Aaaand...they never actually say why 84% are late. But the title implies
a reason.
Development is tough, it's fraught with problems. Early answers found in prototypes may not scale to production, unanticipated demand may create unforeseen sourcing problems that economies of scale won't answer, etc. I've seen
everything that the major Kickstarter projects are suffering happen in regular product development.
Anyone remember the Sol 20 computer? It was
the computer to have, till Processor Technology got a reputation for shipping long, long after the orderer's check had been cashed. They might still have survived, though. They pulled things together, then blew the deal to become ComputerLand's flagship system. Some guys from a "toy" computer company called "Apple" landed that deal.

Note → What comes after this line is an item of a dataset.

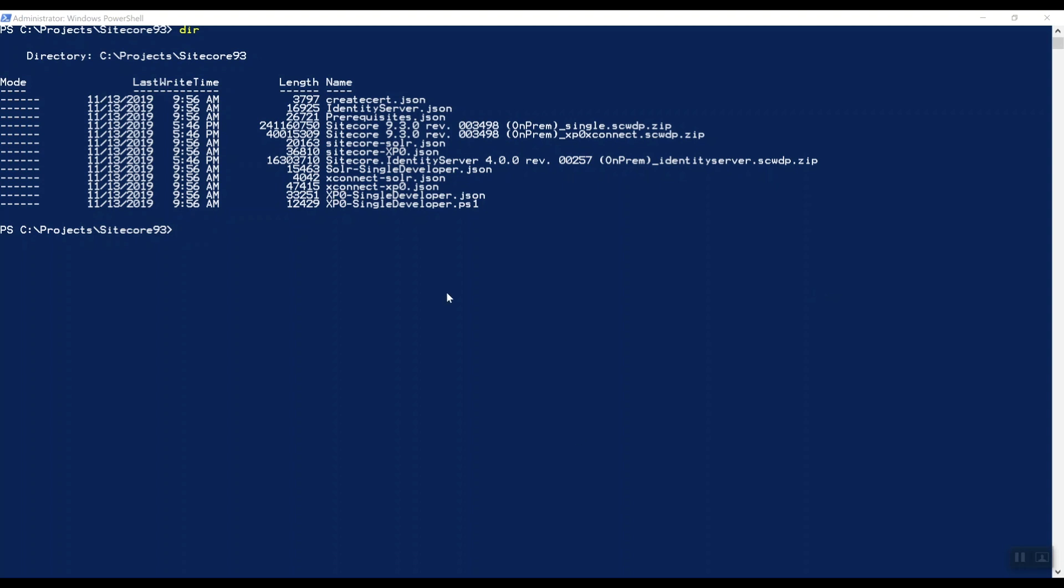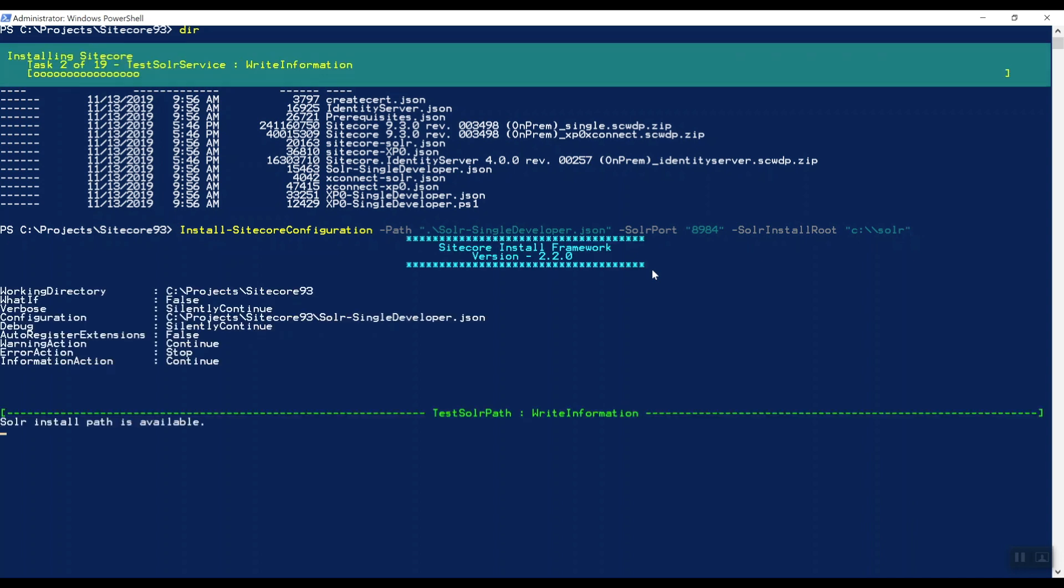Let's run the following command in PowerShell: Install-SitecoreConfiguration, where we pass in the path of the script, which is SolrSingleDeveloper.json, and we specify here the Solr port 8984, because I already run a different version of Solr on a different port, which is 8983. And we pass in a Solr install root, where Solr can be installed. Let's run it.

I'm in on Ogre Designer's Edition. I'd call it late, but not "Where the ^%$# is it!?"
SJG has been up front on schedule ever since the project went hog-wild. I was disappointed to not have it this fall, but it'll be here about the same time as my Reaper Minis Vampire pack.
Product development doesn't have a schedule, really. Just an unsubstantiated hope based on the experience of the designers/fabricators, etc. And a sudden growth in scale will blow the best-laid plans out of the water. I've seen companies do everything from shipping at a trickle from the prototyping line while building a real production line to building using low-volume methods and warehousing until enough stock to satisfy immediate demand is ready.
I've also seen companies take pre-order money, establish a completely different product line (sometimes under a new corporation), default on the shipments and offer a pittance refund or a "product from stock" credit if anything.
I've seen pre-orders get withheld until after retail stores got their full stock many times. People who bought it off the shelf got theirs weeks before anyone with a pre-order.
All in the "real world", outside Kickstarter.
Personally, I think Kickstarter is great (and IndieGoGo, etc.) Only one product I've backed is on time (so far), but that's the breaks. I don't expect to get stiffed on anything, but on riskier projects I definitely keep my backing to what I can afford to lose.